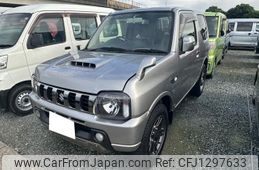 suzuki jimny 2016 quick_quick_ABA-JB23W_JB23W-755042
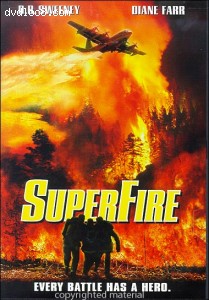 SuperFire Cover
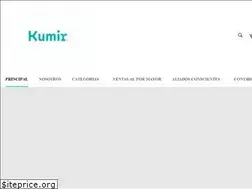 Sites similar to kumir.pe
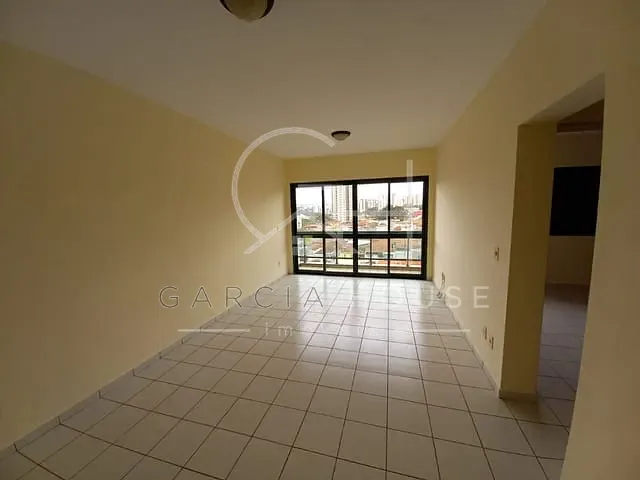 Apartamento 2 quartos e 2 banheiros, à venda, no bairro Jardim América em Ribeirão Preto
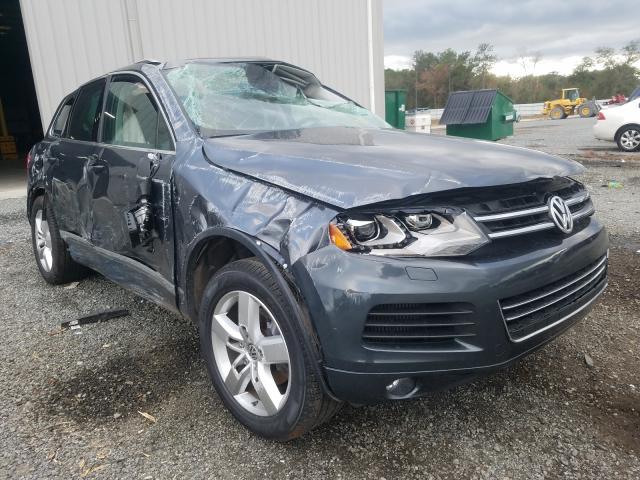 VOLKSWAGEN NULL 2014 wvgep9bp4ed013491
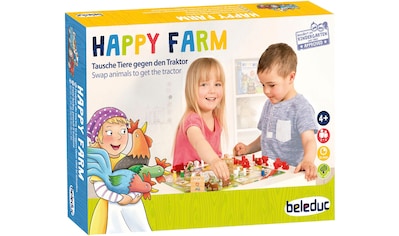 Spiel »Happy Farm«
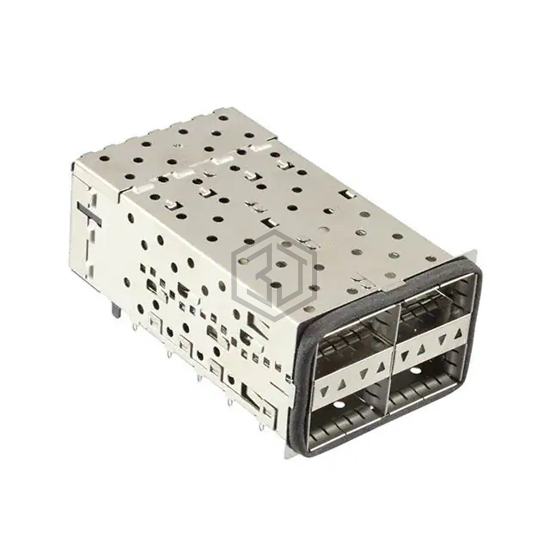 2214574-7 - TE Connectivity AMP Connectors - Pluggable Connectors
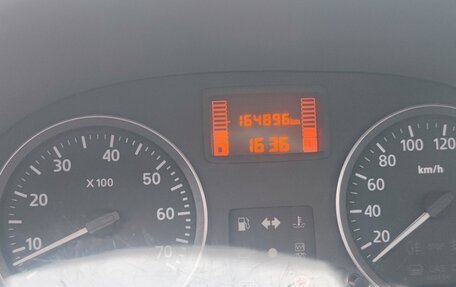 Renault Sandero I, 2011 год, 660 000 рублей, 5 фотография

┄┄┄┄┄┄┄┄┄┄┄┄┄┄┄┄┄┄┄┄

YOUR INSTRUCTIONS: Your copy should hold exactly the lines from the line containing "SuperFire Cover" through the last line of the listing above, both included, and no pictures.

EXPECTED ANSWER:
 SuperFire Cover
 Sites similar to kumir.pe
 Apartamento 2 quartos e 2 banheiros, à venda, no bairro Jardim América em Ribeirão Preto
 VOLKSWAGEN NULL 2014 wvgep9bp4ed013491
 Spiel »Happy Farm«
 2214574-7 - TE Connectivity AMP Connectors - Pluggable Connectors
 Renault Sandero I, 2011 год, 660 000 рублей, 5 фотография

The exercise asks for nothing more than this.